Book Review: The Best of Friends: Two Women, Two Continents, and One Enduring Friendship, by Sara James and Ginger Mauney

This dual memoir was a pleasantly engaging surprise. I wasn't sure what to expect when I checked it out of the library, because I sometimes find relationship-writing to be melodramatic and, frankly, entirely self-serving, but this book was much more than that. Sara, who has risen to become a prominent figure at NBC News, and Ginger, who went from being a professional Girlfriend Sidekick to a National Geographic documentarian, have chronicled their lives and friendship from their childhood in Richmond (this part is more filled-in than given in blow-by-blow detail) to the present day, when one now lives in NYC and the other in Africa.

Since both have enjoyed incredible success, that in itself would be interesting enough to make reading a book by either individual interesting, but by combining their professional stories and intertwining their relationship throughout, the story is really more than the sum of its parts. One of the things I liked best about the book was the alternating method of storytelling used by the authors; each tells their part of the story for a chapter, relating their own lives as well as their reactions to and conversations with each other, and then the other takes over for the next chapter.
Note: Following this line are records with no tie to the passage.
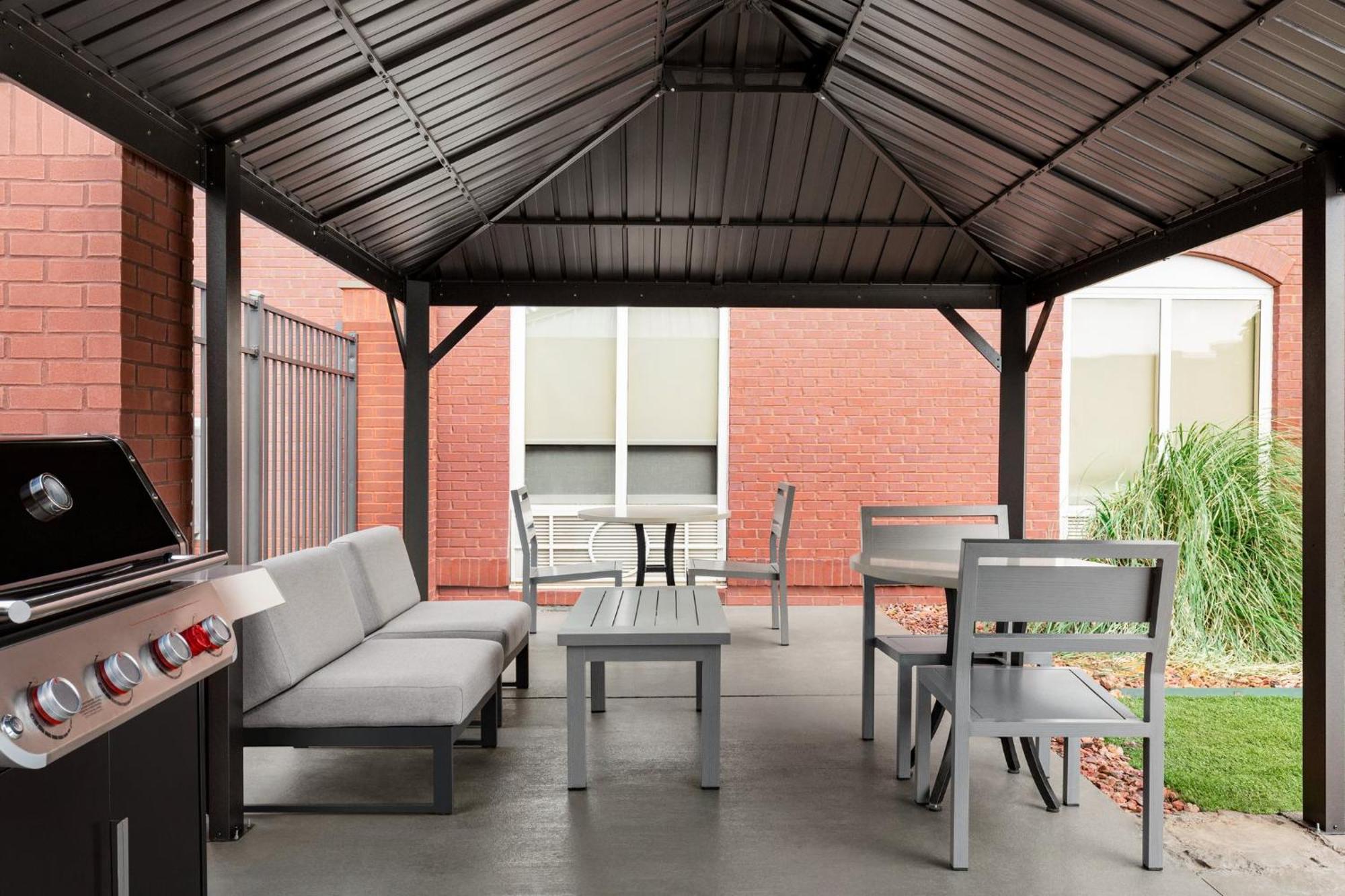 Holiday Inn Express & Suites - Tuscaloosa-University By Ihg Exterior foto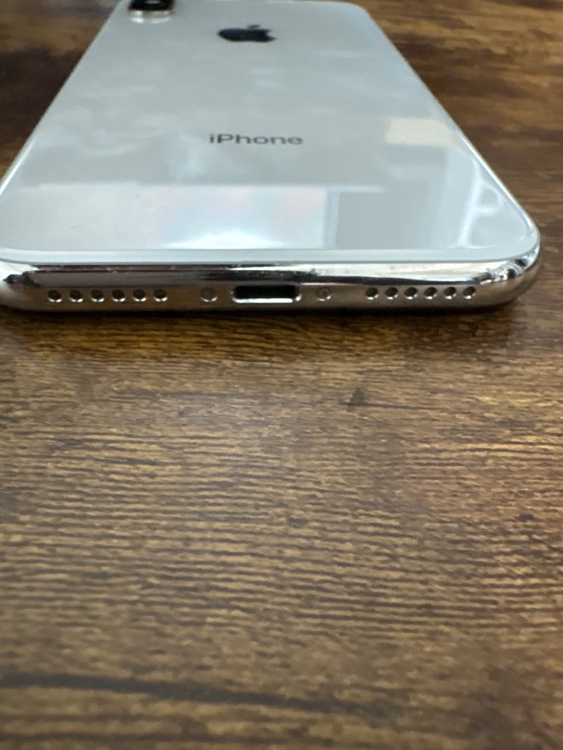 iPhone X（スマホ）の商品画像 - 査定依頼日：2026年5月19日 - 最高査定価格：6,000円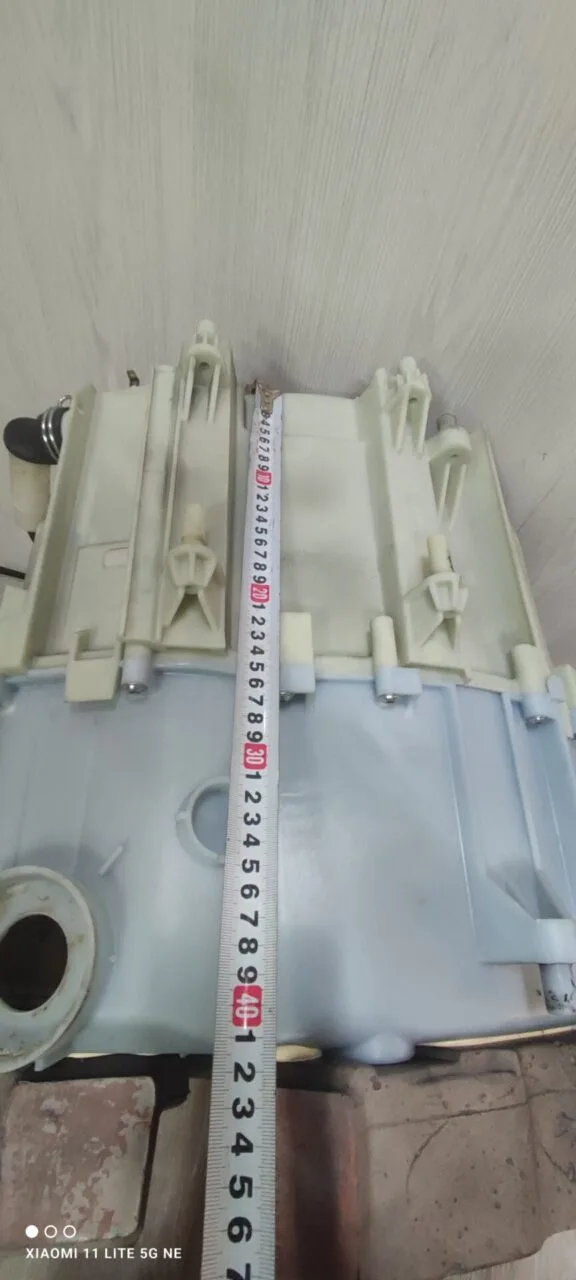 Бак в сборе Bosch 9000255196/9000208084 Только самовывоз!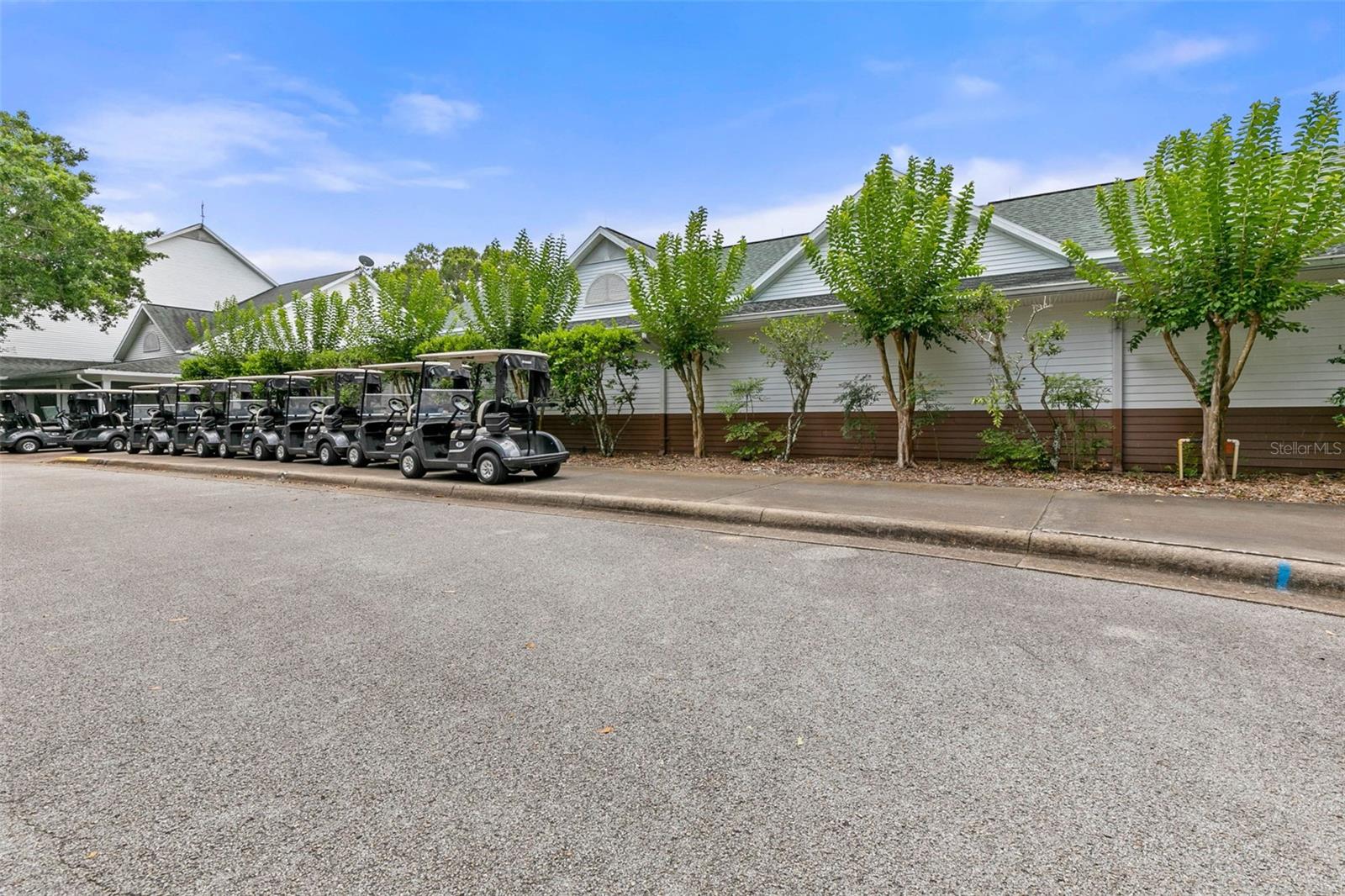 Image 61 of 75 For 3029 Adrian Drive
It gave me just enough information about each of them in that particular time of their life to keep me interested before moving on to the other side. The transitions between the two sides were surprisingly seamless. Also, they skip over periods where life was more stable rather than feeling that they need to detail every iota of their lives, backfilling pertinent information where necessary.
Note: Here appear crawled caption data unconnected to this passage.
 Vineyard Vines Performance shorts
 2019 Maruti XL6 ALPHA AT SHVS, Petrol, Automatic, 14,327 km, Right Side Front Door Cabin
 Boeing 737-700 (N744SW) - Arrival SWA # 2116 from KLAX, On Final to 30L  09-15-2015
There were a few times when I felt like skimming over points that seemed to be slightly repetitive, but it was very interesting to read about these two fascinating women and their evolution from regular smallish-town girlhood friends to vastly different but equally exciting lives. In the end, the book was indeed more about the value and necessity of friendship than was about the two of them individually. I think it's so important that we stop and remember the incredible gift that our friends are to us, and it always saddens me to see that so many people use our newfound technology to distance themselves rather than bring them together. We're all so wrapped up in doing so much that it's easy to leave other behind. I love that this book showed that even for the busiest, and sometimes most unreachable people in the world (Ginger spent many years living in the bush in Africa), this kind of intimacy is still possible.